* YOUR GOAL *
Please repeat exactly the lines from the one containing "Mushroom and Bacon Stuffed Pork Loin" to the end of the entries below, both included, and omit all pictures.

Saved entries
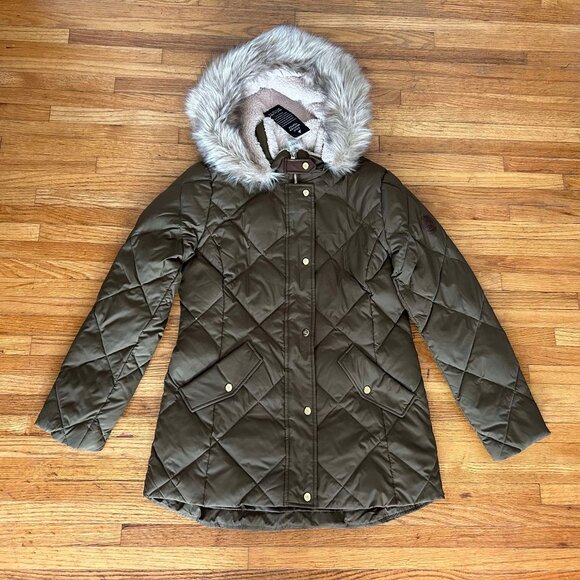 New W/tag Lauren Ralph Lauren Olive Green Down Puffer Jacket S - Picture 1 of 6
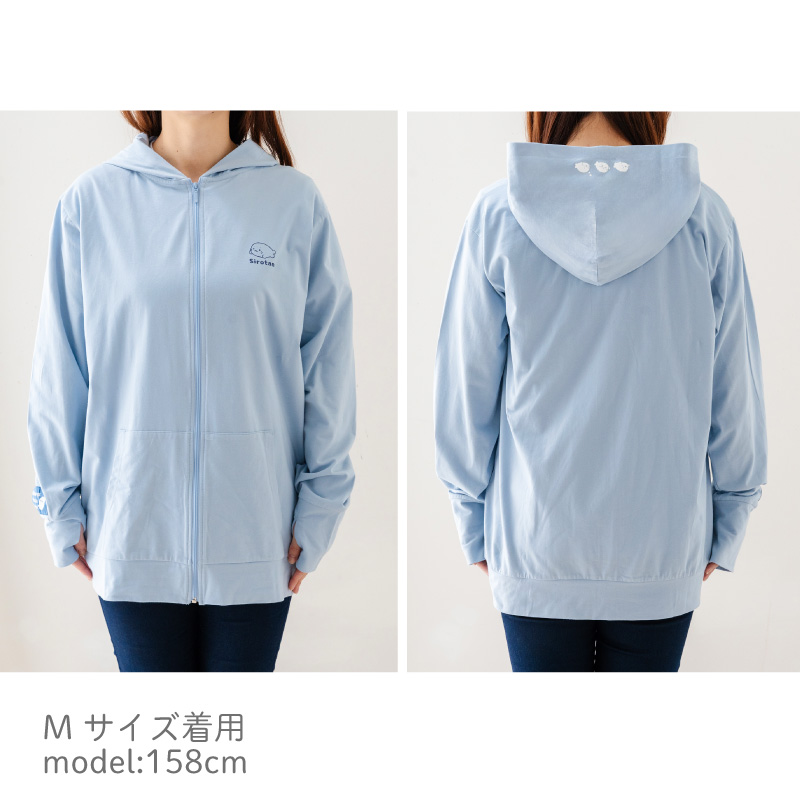Mother garden しろたん 指穴付ジップパーカー 水色 S M L XL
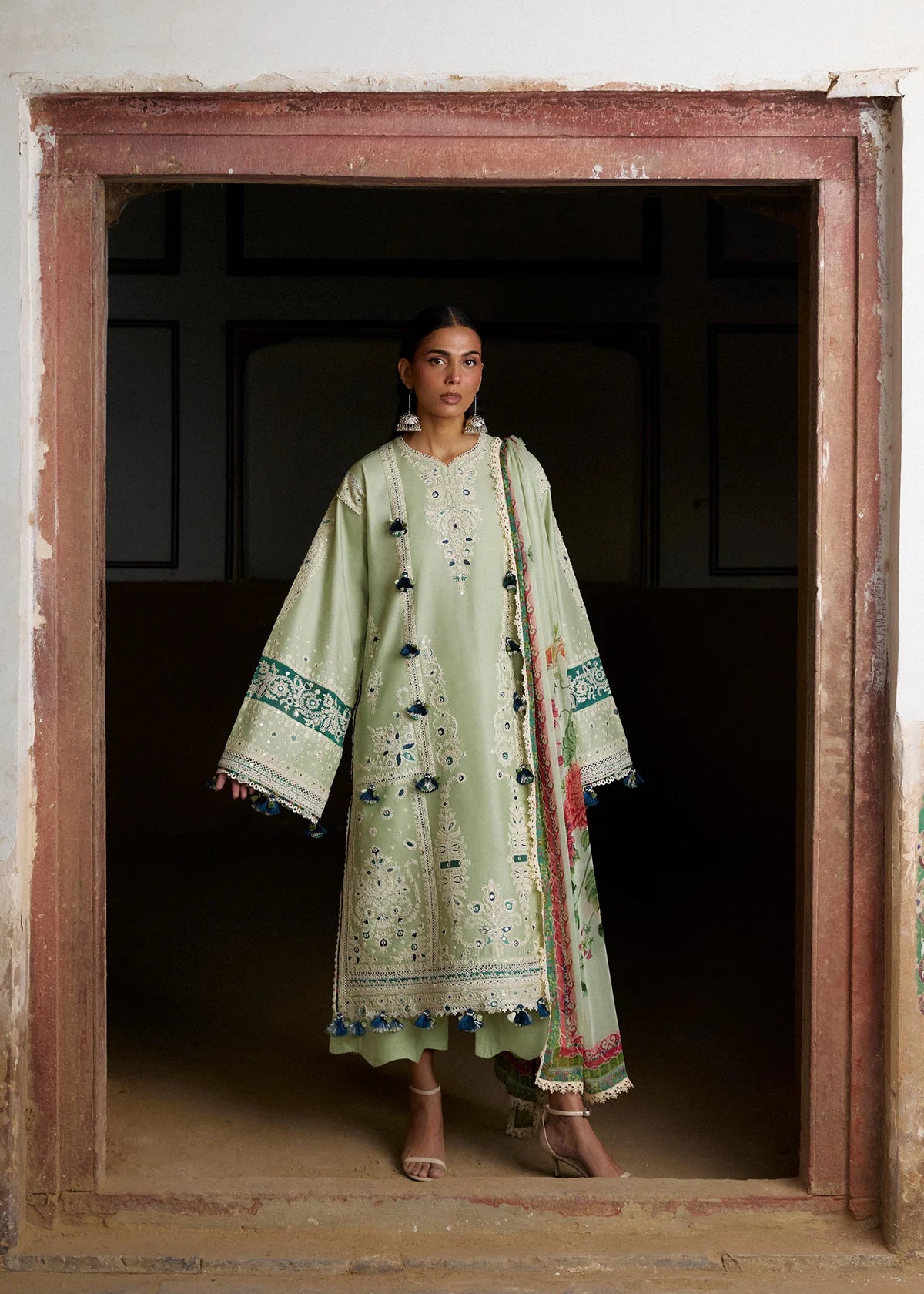 Hussain Rehar by Zun - Embroidered Lawn 3 Piece Unstitched Suit – Mint Green (Nane)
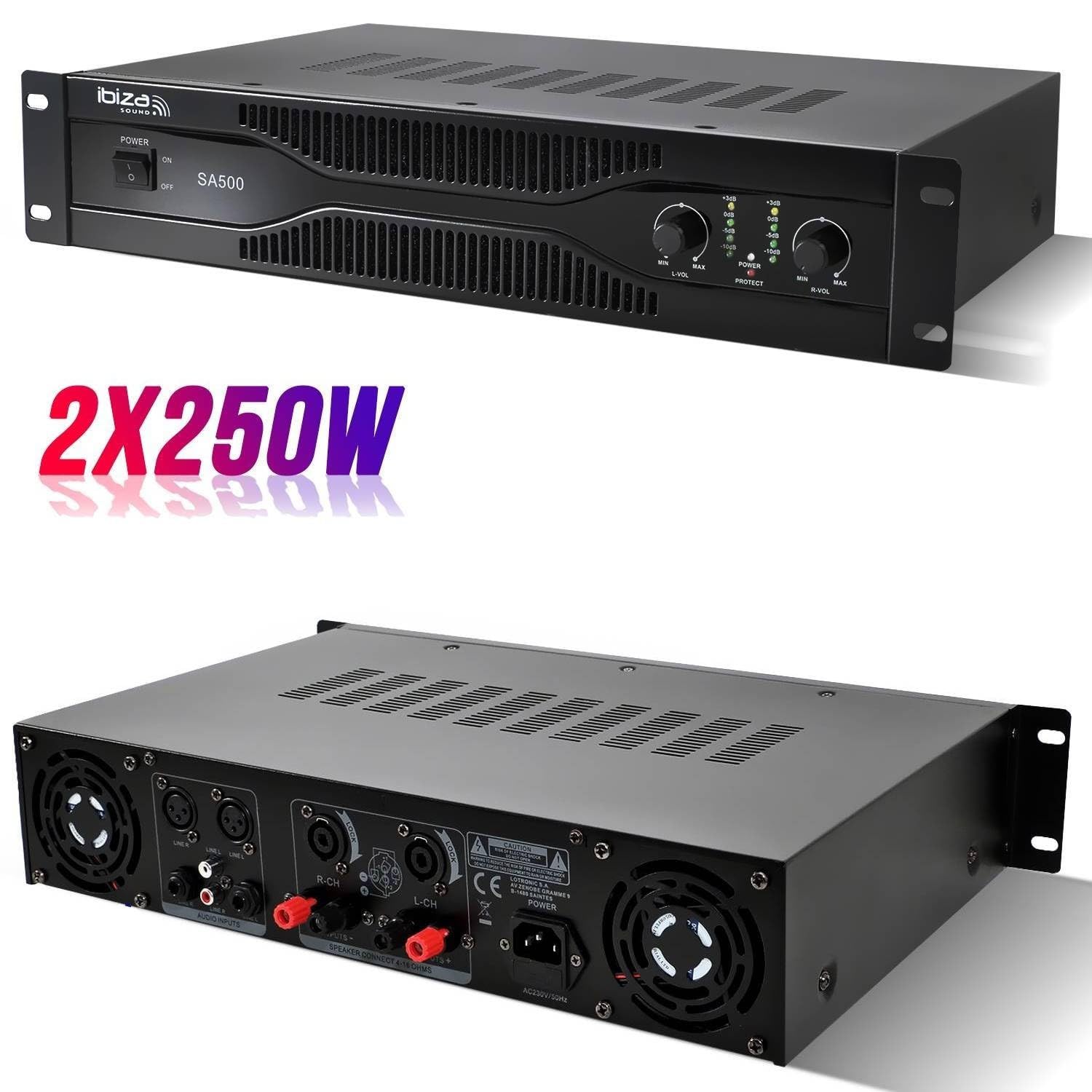 Pack Sono Dj Amplificateur 500W IBIZA SOUND SA500 + Table de mixage MIX800 + CASQUE + Câblages RCA + PC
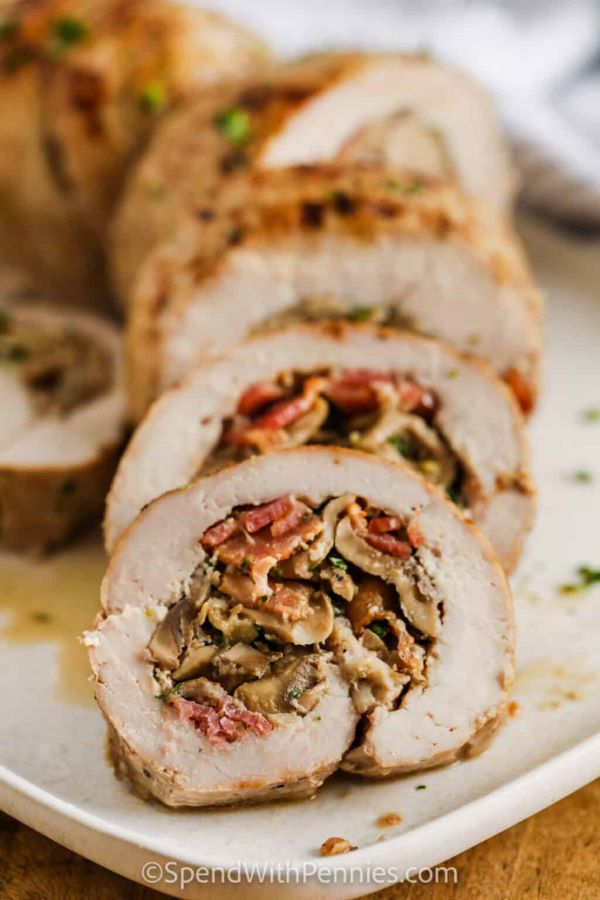 Mushroom and Bacon Stuffed Pork Loin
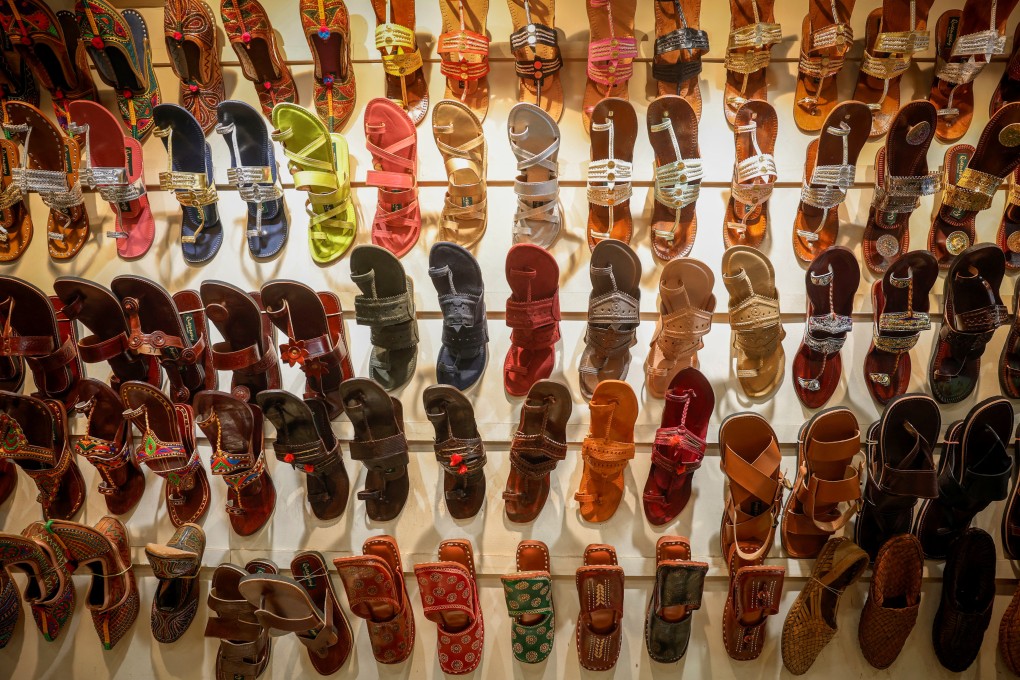 Kolhapuri sandals are seen on display at a shoe shop in New Delhi. Photo: Reuters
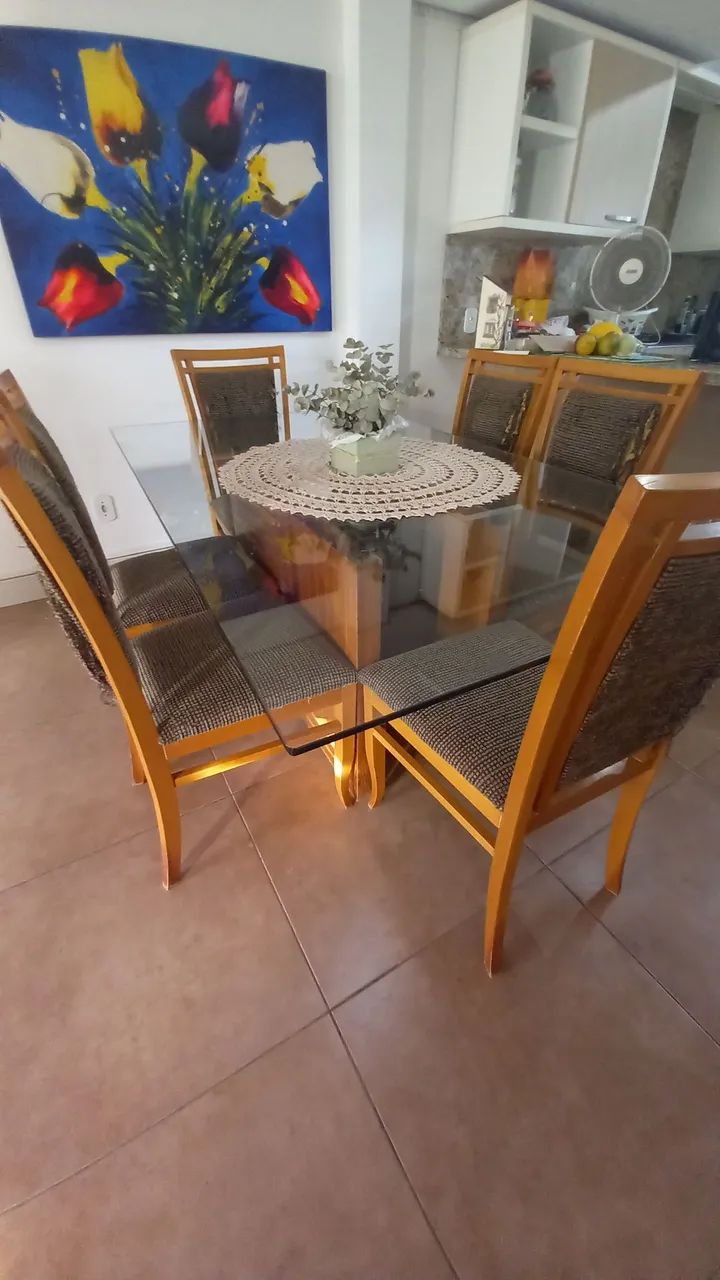 Glass-Top Table with 6 Chairs64962185234689122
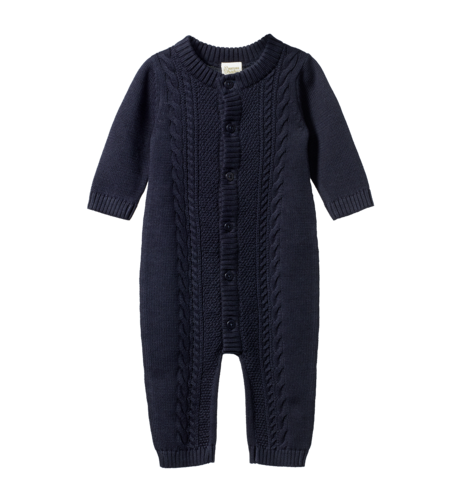 Nature Baby Lou Suit Cotton Knit - Navy Cable Knit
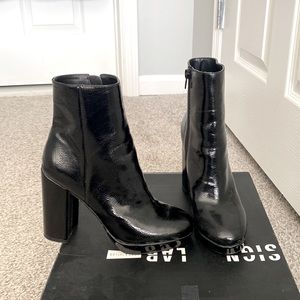 Black Patent Leather Platform Boot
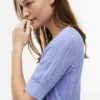 Short-Sleeve Mixed-Knit Cardigan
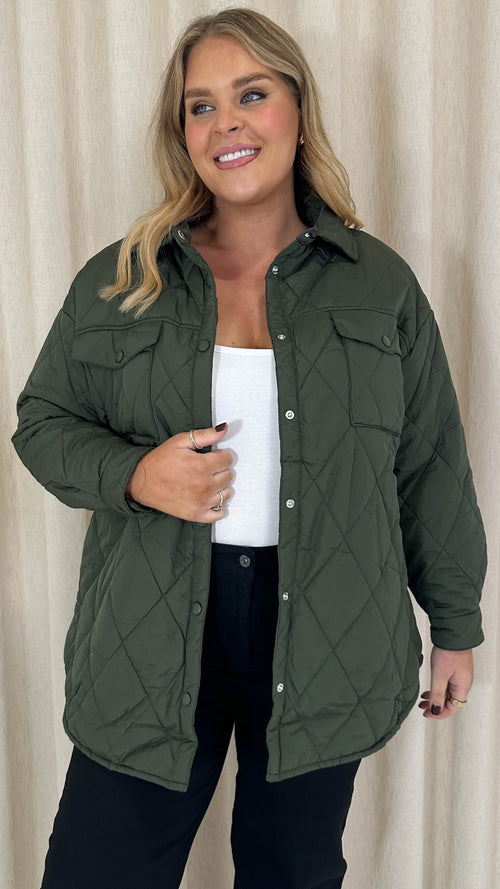 CurveWow Quilted Popper Button Jacket Khaki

* RESULT OF THIS EXERCISE *
 Mushroom and Bacon Stuffed Pork Loin
 Kolhapuri sandals are seen on display at a shoe shop in New Delhi. Photo: Reuters
 Glass-Top Table with 6 Chairs64962185234689122
 Nature Baby Lou Suit Cotton Knit - Navy Cable Knit
 Black Patent Leather Platform Boot
 Short-Sleeve Mixed-Knit Cardigan
 CurveWow Quilted Popper Button Jacket Khaki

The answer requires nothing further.